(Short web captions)
__________________________________________________

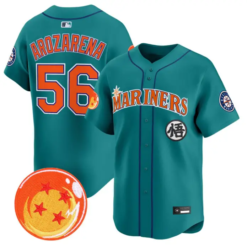Randy Arozarena Jersey #56 Seattle Mariners Dragon Ball Premier Stitched by My Store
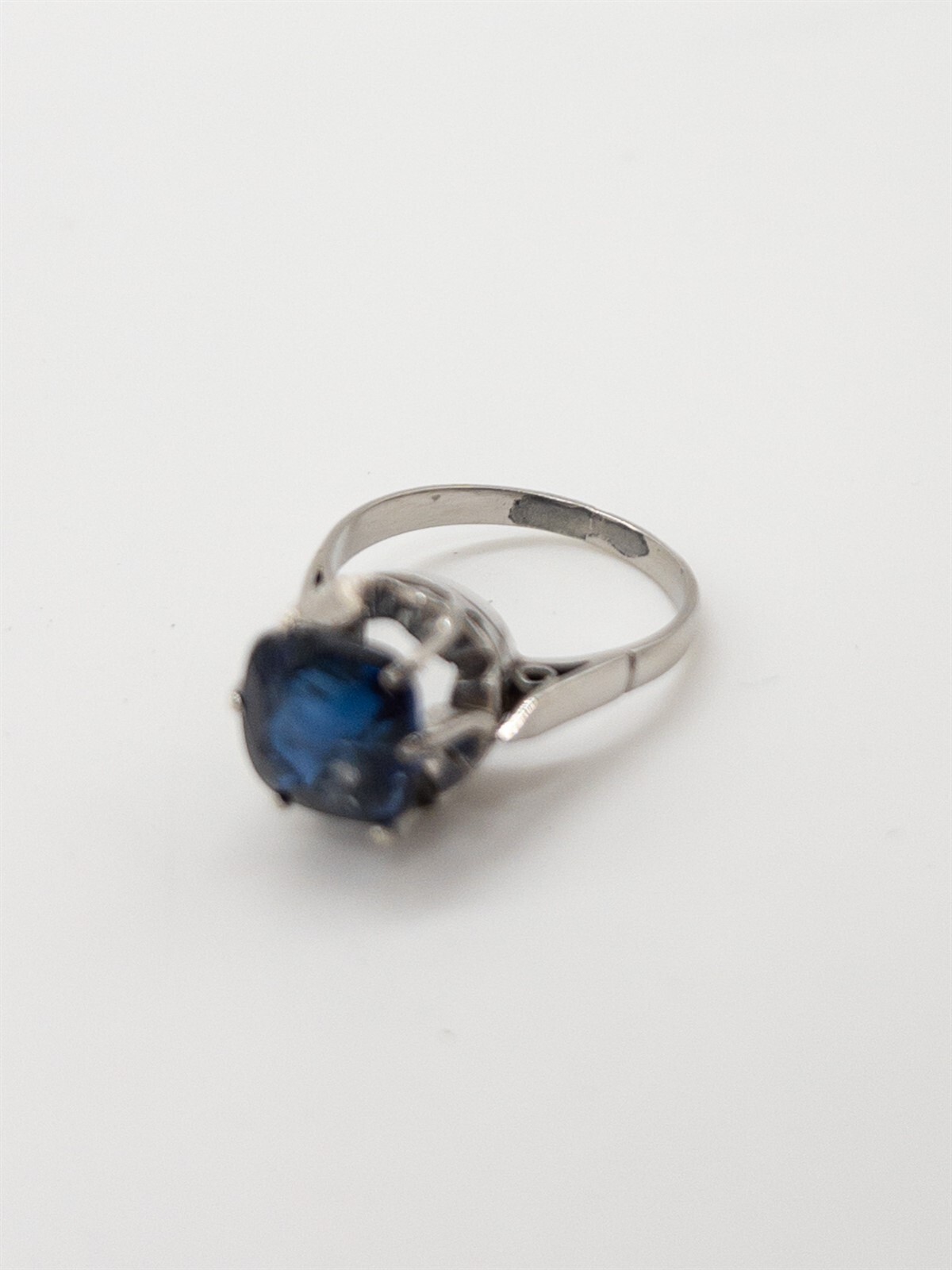 Antique 1920s $12,000 3ct Certified Natural Blue Sapphire Platinum Antique 1920s $12,000 3ct Certified Natural Blue Sapphire Platinum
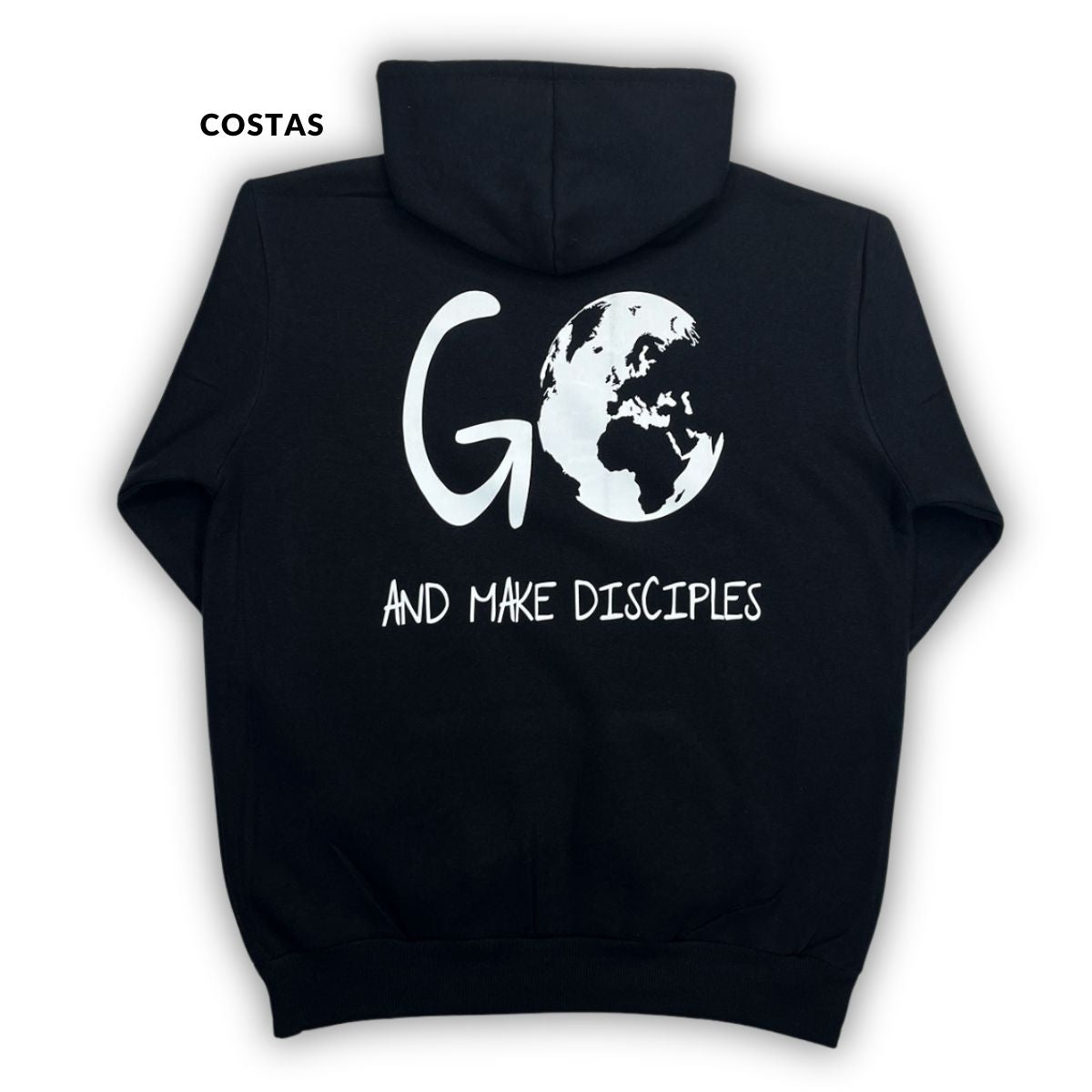 Moletom Canguru Com Capuz Preto Go And Make Disciples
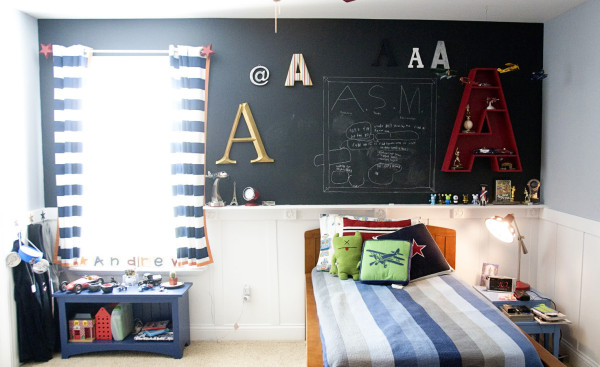 Boys Room Makeover - polka dot chair.com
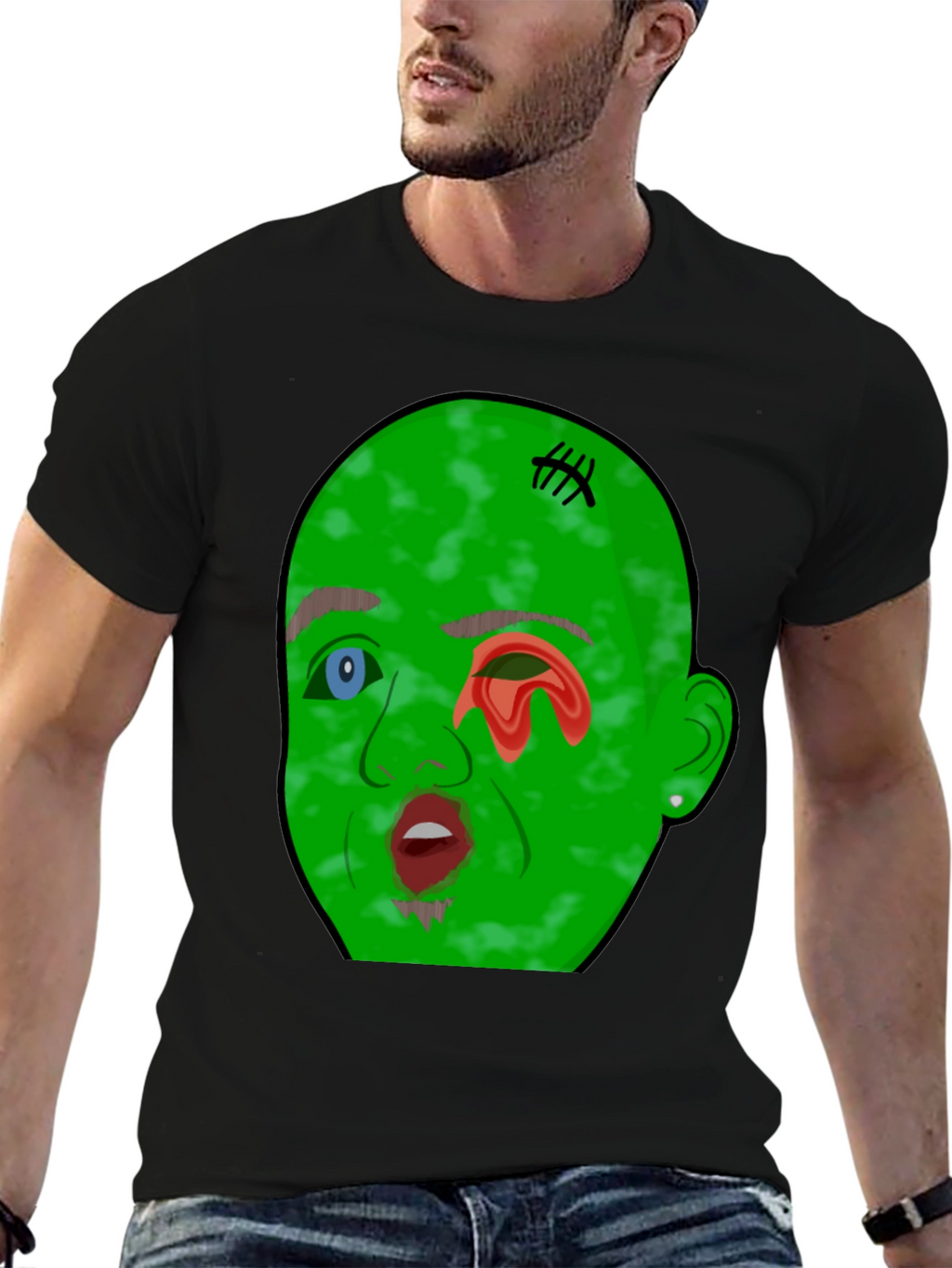 Monster Graphic Tee - Mens Black T-Shirt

__________________________________________________

(Exercise directions)
Skip all pictures. Copy exactly the lines from the one containing "Moletom Canguru Com" through the end of the records, both ends included.

(Answer section)
 Moletom Canguru Com Capuz Preto Go And Make Disciples
 Boys Room Makeover - polka dot chair.com
 Monster Graphic Tee - Mens Black T-Shirt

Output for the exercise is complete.